En réponse à Hana Nichtburgerová

Re: Fatelessness_book

par Hana Nichtburgerová,

Comments on Imre Kertész  by Csaba Csortos (1.5.2020)

 

Kertész Imre: Sorstalanság

 

Before the Noble prize, Kertész was almost non-known in Hungary. Now, because of the Nobel, Sorstalanság is a compulsory reading in high school.

Before the Soá, in Hungary lived the most Jews in Europe after Poland. Despite, the deportations only started in 1944, Hungary made Jew laws before. In the begining, only Jews from the countryside got deported.

The movie’s director was Lajos Koltai, who is not a director but a cinematographer. He was the director, because Hungary wanted a Hollywoodic Holokaust movie, but Hungary doesn’t have a Hollywood director, but has a Hollywood cinematographer. Sadly, the movie is not so great, the critics in Hungary or the audience didn’t like it.

We have better Holokaust movies, like 1945, Sunshine, The Revolt of Job, Son of Saul, etc.  But most of these are not adaption.

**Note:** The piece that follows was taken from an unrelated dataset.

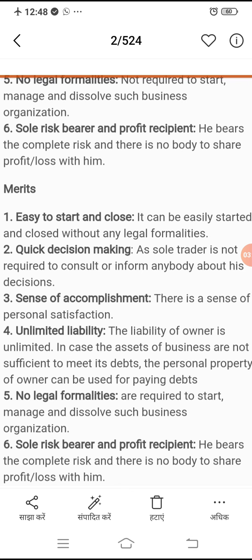Number three, sense of accomplishment — yahan par personal satisfaction hota hai ki woh jo bhi kaam kar raha hai, usme personal satisfaction hai. Number four, unlimited liability — jahan jo assets hain, woh agar puri nahi hoti toh usko apne debts chukane ke liye assets bhi sale karni hongi. Number five, no legal formalities — jo sole proprietor hai, usko koi bhi legal formalities puri karne ki zarurat nahi hoti. Number six, profit recipient — risk bhi woh khud leta hai aur profit bhi khud leta hai; sole proprietorship khud hi hota hai.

En réponse à Hana Nichtburgerová

Re: Fatelessness_book

par Hana Nichtburgerová,

Dear Hana Nichtburgerova,

 
So in Hungary now they totally change the school curriculum, but it is not true anymore, that Kertesz has been removed. They put him back.
Also, it is really sad that Nyirő and Wass and Herceg are in the curriculum. They were openly antisemitic.
Sorry, I only found Hungarian articles about it. This website is independent. https://24.hu/kultura/2020/02/21/nat-kertesz-imre-ottlik-geza-irodalom-magyartanitas-oktatas/ 
 
Horthy's tactic was about to save the jews and with them save himself. Because he was afraid that Germany loses the war. He wanted something to show the allies, like: look I'm not a bad guy, I didn't kill the jews. This is why only the jews from the countryside got deported during Horthy. 
After him, during Szalasi and the Crossbow, they worked with the Nazis and tried to kill Jews in Budapest.
The official numbers of the victims of the Holocaust in Hungary are about 600 000, 1 million is a way too much number.
 
The situation is really difficult in Hungary because the Fidesz is often antisemitic (see the propaganda against Soros), but they give a lot of money to some Jewish organizations, like the MAZSIHISZ ( Hungarian Jewish Synagogue's Organisation) so some rabbis support the Fidesz. It would be easier to discuss these topics in person.